The set of tokens of the language is
{
+,
-,
*,
/,
<,
>,
=,
not,
and,
or,
(,
),
NUMBER}.
The token
NUMBER represents unsigned integers, i.e., non-empty sequences
of digits. Examples of correct expressions are
“
-0+1<2*3”,
“
1>2/3 and 4<5*6”,
“
not -1=+15”,
“
1=2 and 0=0 and 1=1 or 3=4”,
“
not (3>4 or not 5<6)”,
whereas
“
1+”,
“
/2”, “
1 2”,
“
1<2=3”,
are not. The generated AST must correspond to an interpretation of the
following:
- Unary operators +,-, and not have the highest
precedence.
- Arithmetic operators are left-associative, with the usual precedence
rules.
- Comparison operators are not associative (e.g., “1=2=3” is not
valid) and have less precedence than arithmetic operators.

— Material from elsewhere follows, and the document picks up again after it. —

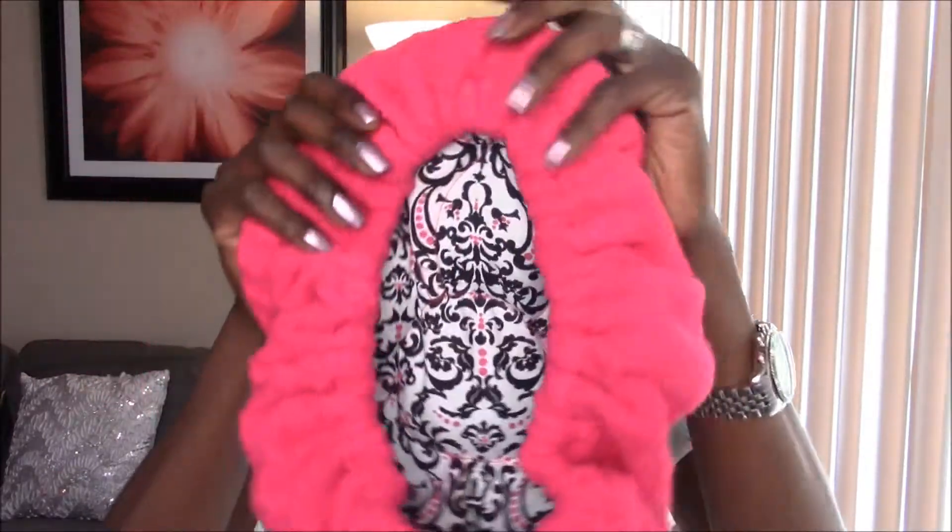Hey guys, this is your girl Carly. Today I wanted to talk about the Hothead from Thermal Haircare. It's a deep conditioning unit, and this is it right here.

- Logical operators have the lowest precedence, with and being more
sticky than or. The resulting AST must have at most one token or
(resp. and) for each disjunction (resp. conjunction) of boolean
expressions.
Note that expressions such as “
not 1”, “
2 < (not 3=4)” and
“
5 + (6<7)” may be semantically nonsensical, but are syntactically
correct and should be recognized. As an example, for input
not 1-2 or 3<4 and 5>6 and 7=8+9
the resulting AST must be
or(-(not(1),2),and(<(3,4),>(5,6),=(7,+(8,9))))
i.e., as if the implicit parenthesization was
((not 1)-2) or ((3<4) and (5>6) and (7=(8+9)))